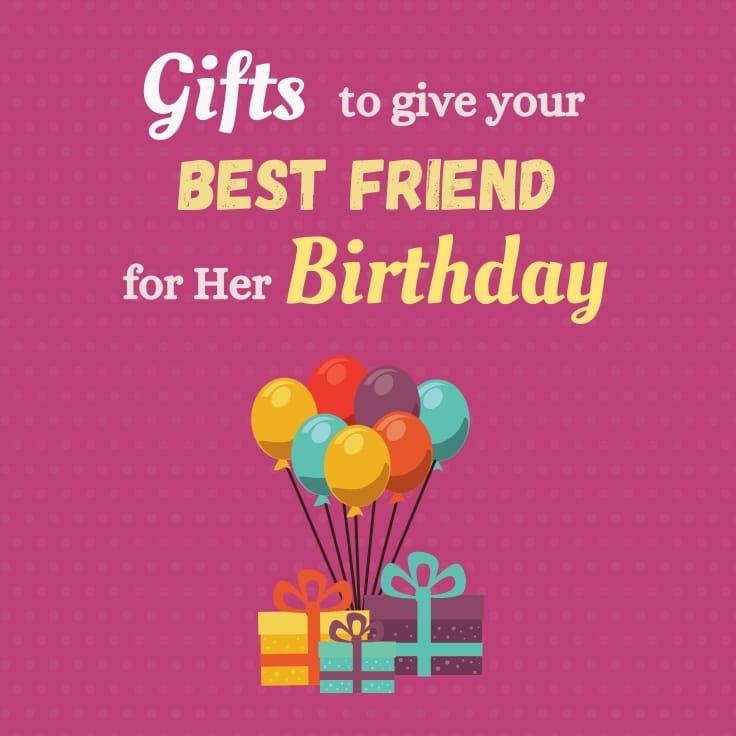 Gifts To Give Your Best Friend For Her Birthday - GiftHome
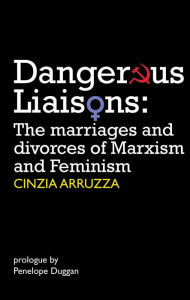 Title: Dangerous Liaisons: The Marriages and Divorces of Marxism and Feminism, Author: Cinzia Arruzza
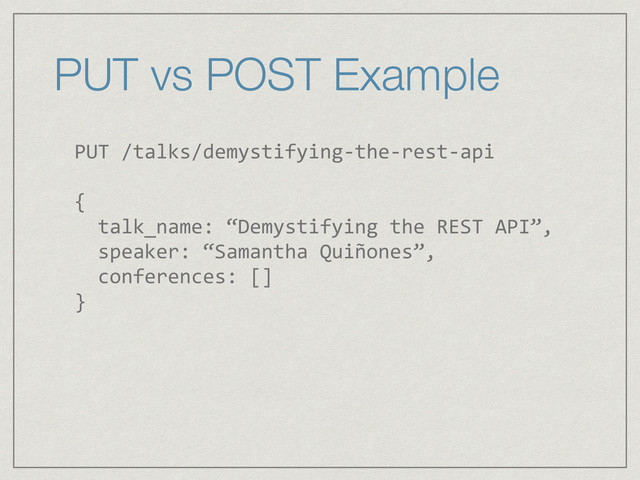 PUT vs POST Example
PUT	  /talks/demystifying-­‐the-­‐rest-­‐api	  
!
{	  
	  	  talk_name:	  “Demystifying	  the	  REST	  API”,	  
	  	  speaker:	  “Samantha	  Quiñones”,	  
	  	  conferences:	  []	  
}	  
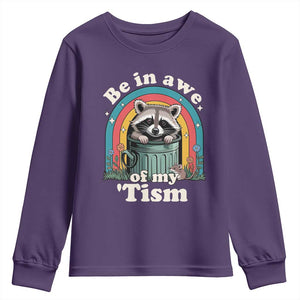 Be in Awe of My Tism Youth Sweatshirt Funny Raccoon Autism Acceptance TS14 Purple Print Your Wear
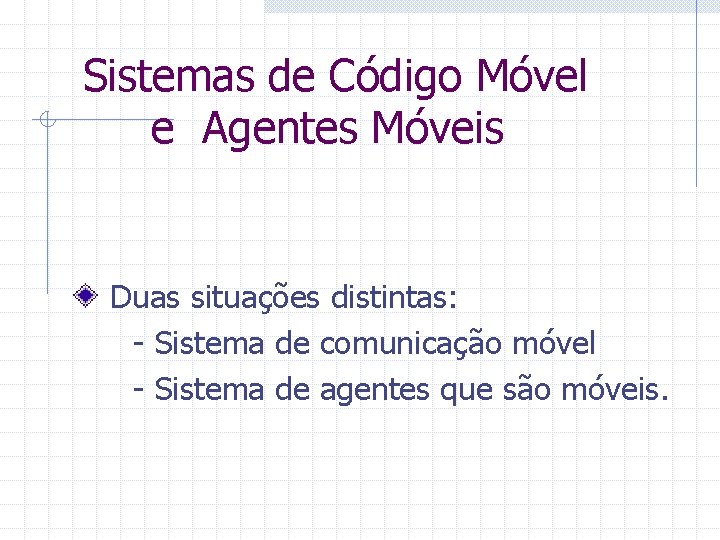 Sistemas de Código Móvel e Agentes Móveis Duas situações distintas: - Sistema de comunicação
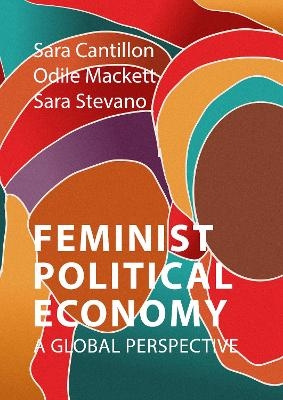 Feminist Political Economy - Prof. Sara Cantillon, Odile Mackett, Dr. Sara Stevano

* * * * *

- EXERCISE DIRECTIONS
Set the pictures aside and repeat only the lines from the one containing "PUT vs POST Example" through the last line of the entries above, exactly as they stand.

- WRITTEN SOLUTION
 PUT vs POST Example
PUT	  /talks/demystifying-­‐the-­‐rest-­‐api	  
!
{	  
	  	  talk_name:	  “Demystifying	  the	  REST	  API”,	  
	  	  speaker:	  “Samantha	  Quiñones”,	  
	  	  conferences:	  []	  
}	  
 Be in Awe of My Tism Youth Sweatshirt Funny Raccoon Autism Acceptance TS14 Purple Print Your Wear
 Sistemas de Código Móvel e Agentes Móveis Duas situações distintas: - Sistema de comunicação
 Feminist Political Economy - Prof. Sara Cantillon, Odile Mackett, Dr. Sara Stevano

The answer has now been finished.